Many of the voices commenting on Bolton’s appointment see him as a warmonger. Do you?
Well, for one he is very outspoken. I don’t think he keeps anything too close to the chest—if he believes it, he’s out there saying it. So, I think his candor is somewhat striking for diplomats and others who want to be a little more circumspect in their approach to the issues. John Bolton isn’t. He’s very straight, very linear from Point A to Point B, and I think that’s offsetting or disturbing for some people.
To me, I’d rather deal with someone who is putting their views on the table so you know where you are, and I always found that in John Bolton. When I worked with him, we were all pushing toward common goals.
Bolton’s approach can be perhaps a little different, and he wants to get there faster and didn’t have much patience for nice talk and diplomacy if it was going to take away from the speed with which we could accomplish the goal. I can see how that’s off-putting for people, but it really didn’t bother me. I prefer working with people who are that straight.
John Bolton is certainly neither an outsider to Washington or to foreign policy, and is well known for his conservative views, having honed his skills at State Department. John has experience in international organizations and arms control, and his last post, as U.S Ambassador to the United Nations in New York, provided him first-hand experience negotiating with the Russians and Chinese. He generally is considered a hawk. On North Korea, he seems particularly realistic about the limitations on our ability to dissuade Kim Jung Un from advancing his nuclear and missile programs.

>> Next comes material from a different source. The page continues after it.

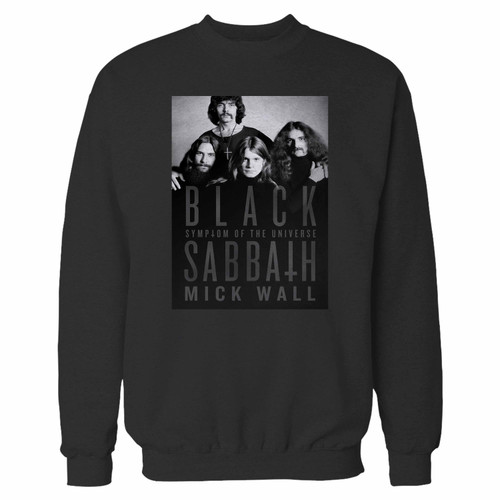 Your black sabbath mick wall crewneck sweatshirt just got an update. This super comfortable and lighter weight crewneck will become your favorite go-to sweatshirt. The cozy spandex cuffs and waistband make this pill-resistant sweatshirt a fan favorite.And your group will look and feel their best in this premium ringspun cotton crew.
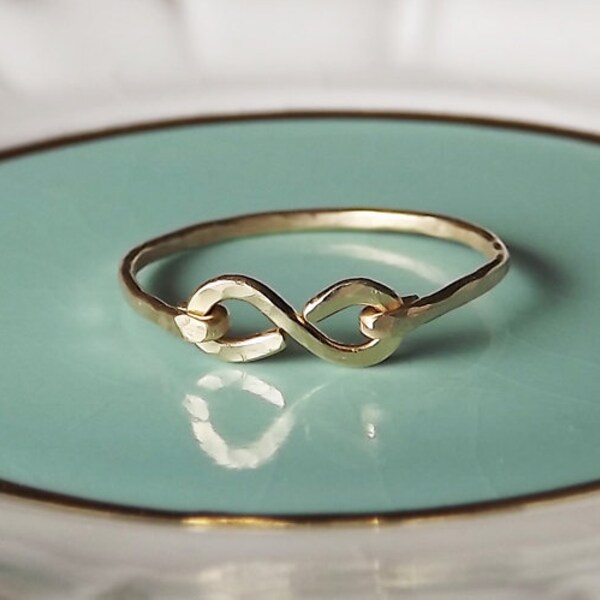 Gold Infinity Ring - Etsy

Will he scrap the Iran deal?
He’s certainly been one of its most vocal critics. Unless there is an ability to address its critical flaws through text changes, mutually agreed reinterpretations, or supplemental language with teeth, I cannot see him advocating that we keep the current arrangement. At bottom for John, the current deal does NOT make America safer and Iran’s behavior in the region has only gotten dramatically worse. He is clear that the last administration should never have agreed to it or paid Iran to accept it (and, don’t forget, return U.S hostages). In the end, the deal won’t stand.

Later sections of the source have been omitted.